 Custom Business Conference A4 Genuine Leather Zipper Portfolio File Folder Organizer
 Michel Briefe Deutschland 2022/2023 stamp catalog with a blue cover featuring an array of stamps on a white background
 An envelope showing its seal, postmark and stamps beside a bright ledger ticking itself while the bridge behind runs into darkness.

==

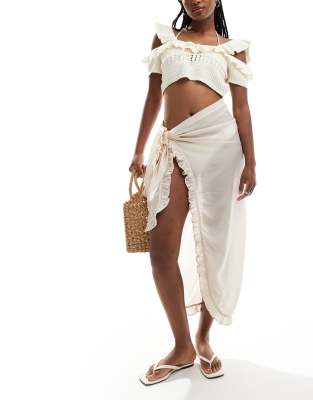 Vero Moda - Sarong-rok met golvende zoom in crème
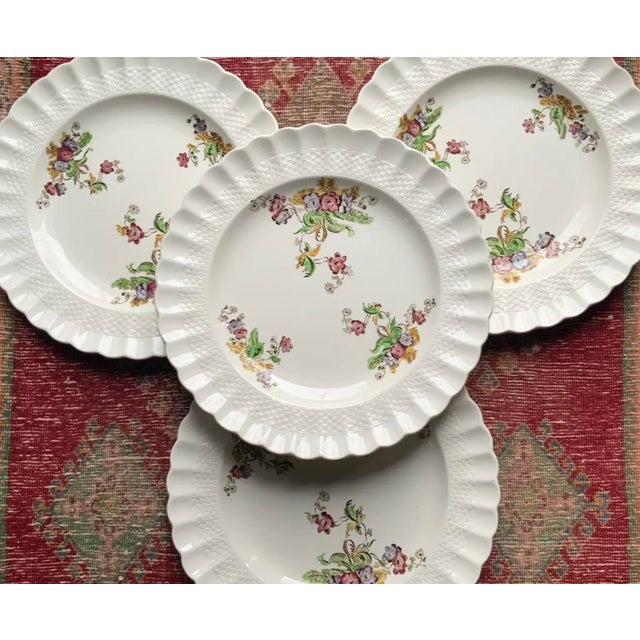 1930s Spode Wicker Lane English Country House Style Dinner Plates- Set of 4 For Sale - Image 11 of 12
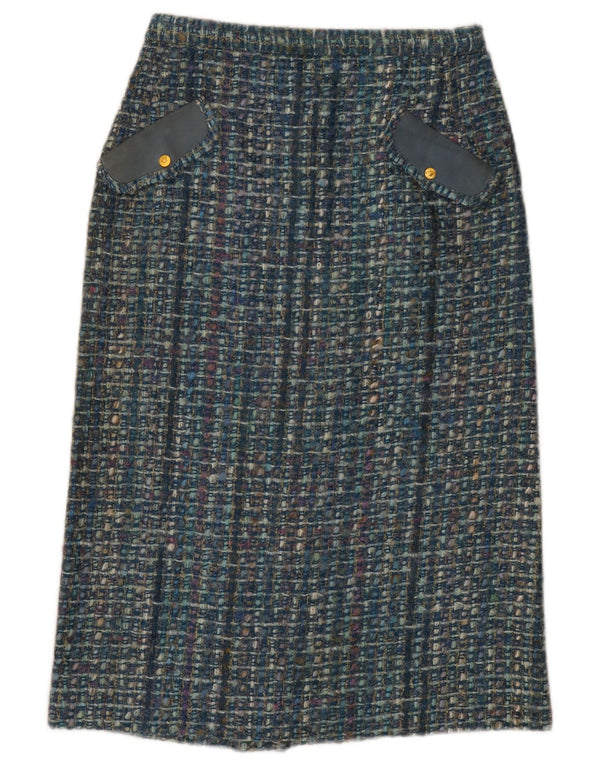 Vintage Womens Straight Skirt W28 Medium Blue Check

### Task to complete
Where the data above reaches the line holding "Custom Business Conference", begin printing, and stop after the line holding "An envelope showing". Each line must be reproduced exactly, with nothing else added.

### Your response
 Custom Business Conference A4 Genuine Leather Zipper Portfolio File Folder Organizer
 Michel Briefe Deutschland 2022/2023 stamp catalog with a blue cover featuring an array of stamps on a white background
 An envelope showing its seal, postmark and stamps beside a bright ledger ticking itself while the bridge behind runs into darkness.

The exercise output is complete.